In [None]:
import os
import subprocess
import json
import pandas as pd
import matplotlib.pyplot as plt
import seaborn as sns
from datetime import datetime

In [None]:
class LogicalFallaciesEvaluator:
    def __init__(self, api_key):
        self.api_key = api_key
        os.environ['OPENAI_API_SECRET_KEY'] = api_key
        
        # Models to evaluate
        self.openai_models = {
            'gpt-4o': 'gpt-4o',
            'gpt-4o-mini': 'gpt-4o-mini', 
            'o1-preview': 'o1-preview',
            'o1-mini': 'o1-mini',
        }
        
        # Open source models for comparison
        self.open_source_models = {
            'llama-2-70b': 'meta-llama/Llama-2-70b-chat-hf',
            'llama-3-70b': 'meta-llama/Meta-Llama-3-70B-Instruct',
        }
        
        # Logical fallacy tasks
        self.benchmark_tasks = [
            'bigbench_formal_fallacies_syllogisms_negation',
            'bigbench_logical_deduction_three_objects',
            'bigbench_logical_deduction_five_objects',
            'bigbench_logical_deduction_seven_objects',
        ]
        
        # Custom fallacy tasks we'll create
        self.custom_tasks = [
            'custom_ad_hominem',
            'custom_straw_man',
            'custom_false_dichotomy',
            'custom_circular_reasoning',
        ]
        
        self.results = {}
    
    def run_evaluation(self, model_name, model_id, tasks):
        results = {}
        
        for task in tasks:
            print(f"Evaluating {model_name} on {task}...")
            
            try:
                # Construct the command
                cmd = [
                    'python', 'main.py',
                    'lm_eval',
                    '--model', 'openai-completions',
                    '--model_args', f'model={model_id}',
                    '--tasks', task,
                    '--output_path', f'results/{model_name}_{task}.json',
                    '--log_samples'
                ]
                
                # Run the evaluation
                result = subprocess.run(cmd, capture_output=True, text=True, timeout=3600)
                
                if result.returncode == 0:
                    # Parse results
                    with open(f'results/{model_name}_{task}.json', 'r') as f:
                        task_results = json.load(f)
                    
                    results[task] = {
                        'accuracy': task_results.get('results', {}).get(task, {}).get('acc', 0),
                        'acc_norm': task_results.get('results', {}).get(task, {}).get('acc_norm', 0),
                        'samples': task_results.get('samples', [])
                    }
                else:
                    print(f"Error evaluating {model_name} on {task}: {result.stderr}")
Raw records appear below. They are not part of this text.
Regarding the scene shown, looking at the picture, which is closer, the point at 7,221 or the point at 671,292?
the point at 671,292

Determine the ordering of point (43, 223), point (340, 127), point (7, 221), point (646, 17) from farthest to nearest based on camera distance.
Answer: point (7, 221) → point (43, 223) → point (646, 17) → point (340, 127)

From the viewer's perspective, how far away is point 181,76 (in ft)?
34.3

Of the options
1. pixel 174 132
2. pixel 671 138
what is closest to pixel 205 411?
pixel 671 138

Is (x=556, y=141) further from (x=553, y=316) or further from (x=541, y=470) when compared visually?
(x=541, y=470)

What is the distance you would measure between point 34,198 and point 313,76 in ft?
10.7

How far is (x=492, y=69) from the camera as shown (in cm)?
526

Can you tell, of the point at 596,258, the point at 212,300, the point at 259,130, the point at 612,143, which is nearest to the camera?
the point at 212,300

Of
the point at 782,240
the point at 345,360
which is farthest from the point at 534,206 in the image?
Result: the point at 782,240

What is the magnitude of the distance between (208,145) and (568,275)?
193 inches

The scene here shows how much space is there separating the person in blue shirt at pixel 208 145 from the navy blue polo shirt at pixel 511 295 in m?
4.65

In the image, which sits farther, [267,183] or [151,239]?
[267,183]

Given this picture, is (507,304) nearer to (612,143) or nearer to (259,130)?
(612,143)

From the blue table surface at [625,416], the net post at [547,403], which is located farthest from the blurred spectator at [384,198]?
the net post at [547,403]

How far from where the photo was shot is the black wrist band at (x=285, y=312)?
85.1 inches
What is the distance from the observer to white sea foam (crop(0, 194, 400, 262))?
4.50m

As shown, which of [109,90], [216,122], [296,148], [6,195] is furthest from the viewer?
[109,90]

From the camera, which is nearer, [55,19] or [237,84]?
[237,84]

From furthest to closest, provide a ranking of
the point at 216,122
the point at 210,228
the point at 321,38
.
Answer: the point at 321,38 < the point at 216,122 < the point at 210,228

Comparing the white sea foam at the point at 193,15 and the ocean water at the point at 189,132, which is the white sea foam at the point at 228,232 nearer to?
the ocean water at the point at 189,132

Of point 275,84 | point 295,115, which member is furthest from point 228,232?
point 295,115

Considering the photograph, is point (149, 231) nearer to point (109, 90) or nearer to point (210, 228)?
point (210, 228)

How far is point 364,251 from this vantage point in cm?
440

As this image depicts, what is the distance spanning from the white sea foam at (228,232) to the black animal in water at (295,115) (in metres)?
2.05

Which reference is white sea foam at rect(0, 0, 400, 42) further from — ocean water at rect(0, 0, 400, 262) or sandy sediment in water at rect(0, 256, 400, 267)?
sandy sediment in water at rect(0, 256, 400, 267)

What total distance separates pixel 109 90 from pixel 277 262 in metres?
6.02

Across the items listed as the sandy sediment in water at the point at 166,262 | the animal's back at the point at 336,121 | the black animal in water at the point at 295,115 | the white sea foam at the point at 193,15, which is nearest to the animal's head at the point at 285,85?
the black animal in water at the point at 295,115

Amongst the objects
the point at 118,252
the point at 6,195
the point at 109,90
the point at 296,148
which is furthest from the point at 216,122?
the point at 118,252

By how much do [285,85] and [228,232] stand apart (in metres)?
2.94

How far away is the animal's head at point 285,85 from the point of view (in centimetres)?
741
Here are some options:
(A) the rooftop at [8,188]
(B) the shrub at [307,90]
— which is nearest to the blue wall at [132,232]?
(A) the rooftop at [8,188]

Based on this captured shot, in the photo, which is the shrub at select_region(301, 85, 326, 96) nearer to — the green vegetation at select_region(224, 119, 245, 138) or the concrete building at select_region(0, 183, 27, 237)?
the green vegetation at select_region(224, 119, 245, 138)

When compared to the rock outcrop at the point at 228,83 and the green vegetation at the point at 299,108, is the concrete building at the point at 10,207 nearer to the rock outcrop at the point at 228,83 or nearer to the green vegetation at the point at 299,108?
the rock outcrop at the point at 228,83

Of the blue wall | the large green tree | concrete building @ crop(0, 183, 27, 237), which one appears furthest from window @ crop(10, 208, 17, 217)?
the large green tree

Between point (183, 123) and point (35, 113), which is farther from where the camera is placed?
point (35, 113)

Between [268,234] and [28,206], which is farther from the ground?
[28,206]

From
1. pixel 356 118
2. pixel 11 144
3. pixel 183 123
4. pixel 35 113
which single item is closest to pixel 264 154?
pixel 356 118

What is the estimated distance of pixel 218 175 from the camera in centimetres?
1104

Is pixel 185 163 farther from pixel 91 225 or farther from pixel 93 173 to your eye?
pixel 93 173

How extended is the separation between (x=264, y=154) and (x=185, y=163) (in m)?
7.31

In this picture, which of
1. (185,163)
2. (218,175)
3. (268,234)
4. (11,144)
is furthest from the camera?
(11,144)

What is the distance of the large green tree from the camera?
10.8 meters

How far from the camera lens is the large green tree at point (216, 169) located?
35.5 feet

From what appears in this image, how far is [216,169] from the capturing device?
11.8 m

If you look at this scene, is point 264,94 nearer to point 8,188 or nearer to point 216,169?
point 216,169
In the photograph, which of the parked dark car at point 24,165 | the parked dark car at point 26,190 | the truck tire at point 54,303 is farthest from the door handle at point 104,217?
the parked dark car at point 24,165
                    results[task] = {'accuracy': 0, 'acc_norm': 0, 'error': result.stderr}
                    
            except Exception as e:
                print(f"Exception evaluating {model_name} on {task}: {e}")
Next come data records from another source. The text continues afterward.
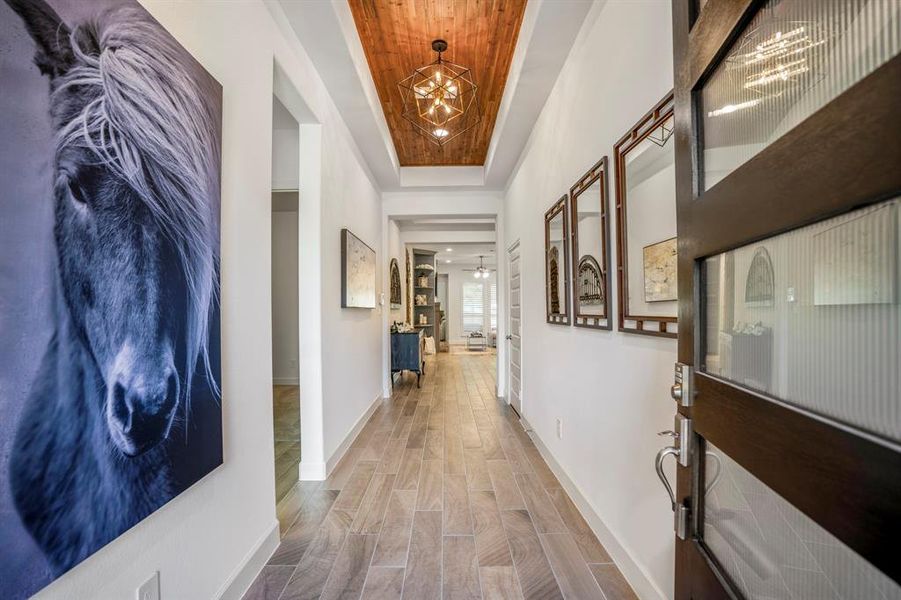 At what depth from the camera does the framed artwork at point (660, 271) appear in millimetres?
1409

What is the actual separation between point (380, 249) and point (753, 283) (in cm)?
481

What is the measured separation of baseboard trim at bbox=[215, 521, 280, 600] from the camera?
1.52 meters

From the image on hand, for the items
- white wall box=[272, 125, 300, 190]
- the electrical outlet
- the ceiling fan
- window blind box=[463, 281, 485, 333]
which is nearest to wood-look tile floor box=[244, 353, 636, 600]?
the electrical outlet

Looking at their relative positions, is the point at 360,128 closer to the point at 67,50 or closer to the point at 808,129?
the point at 67,50

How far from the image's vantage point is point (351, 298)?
135 inches

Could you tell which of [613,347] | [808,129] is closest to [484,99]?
[613,347]

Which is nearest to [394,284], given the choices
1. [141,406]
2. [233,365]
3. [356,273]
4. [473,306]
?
[356,273]

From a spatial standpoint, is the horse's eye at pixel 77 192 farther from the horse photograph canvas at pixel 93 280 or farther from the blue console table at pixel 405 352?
the blue console table at pixel 405 352

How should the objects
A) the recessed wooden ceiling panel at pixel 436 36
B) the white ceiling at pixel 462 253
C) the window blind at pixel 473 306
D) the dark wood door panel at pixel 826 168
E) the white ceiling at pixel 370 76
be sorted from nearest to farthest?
the dark wood door panel at pixel 826 168 → the white ceiling at pixel 370 76 → the recessed wooden ceiling panel at pixel 436 36 → the white ceiling at pixel 462 253 → the window blind at pixel 473 306

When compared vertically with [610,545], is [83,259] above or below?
above

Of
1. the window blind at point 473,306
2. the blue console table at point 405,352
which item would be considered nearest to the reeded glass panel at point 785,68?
the blue console table at point 405,352

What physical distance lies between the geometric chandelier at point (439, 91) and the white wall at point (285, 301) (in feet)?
11.8

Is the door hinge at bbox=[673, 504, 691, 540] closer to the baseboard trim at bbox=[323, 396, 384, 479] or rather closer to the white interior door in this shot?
the baseboard trim at bbox=[323, 396, 384, 479]

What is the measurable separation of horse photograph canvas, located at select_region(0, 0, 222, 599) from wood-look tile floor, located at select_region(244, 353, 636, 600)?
950 millimetres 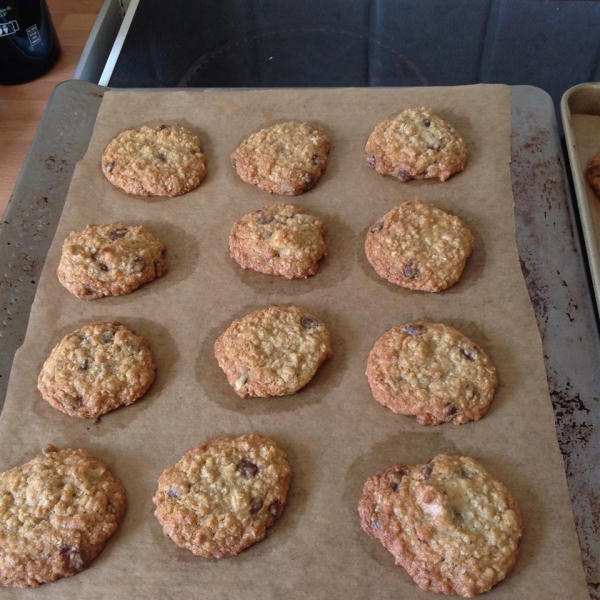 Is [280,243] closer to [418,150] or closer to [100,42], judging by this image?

                results[task] = {'accuracy': 0, 'acc_norm': 0, 'error': str(e)}
        
        return results
    
    def create_custom_fallacy_tasks(self):
        
        # Ad Hominem fallacy examples
        ad_hominem_examples = [
            {
                "input": "John argues that we should increase funding for education. But John dropped out of high school, so his argument is invalid.",
                "target": "ad_hominem",
                "explanation": "Attacks the person making the argument rather than the argument itself"
            },
            {
                "input": "Sarah says we need stricter environmental regulations. But she drives an SUV, so she's clearly wrong.",
                "target": "ad_hominem", 
                "explanation": "Dismisses the argument based on perceived hypocrisy rather than merit"
            }
        ]
        
        # Straw Man fallacy examples
        straw_man_examples = [
            {
                "input": "Person A: 'We should have some gun control measures.' Person B: 'So you want to take away all guns and leave us defenseless!'",
                "target": "straw_man",
                "explanation": "Misrepresents the original argument to make it easier to attack"
            }
        ]
        
        # Create task files (simplified - in practice you'd create proper JSONL files)
        custom_tasks = {
            'ad_hominem': ad_hominem_examples,
            'straw_man': straw_man_examples,
        }
        
        return custom_tasks
    
    def evaluate_all_models(self):
        
        # Create results directory
        os.makedirs('results', exist_ok=True)
        
        # Evaluate OpenAI models
        for model_name, model_id in self.openai_models.items():
            print(f"\n=== Evaluating {model_name} ===")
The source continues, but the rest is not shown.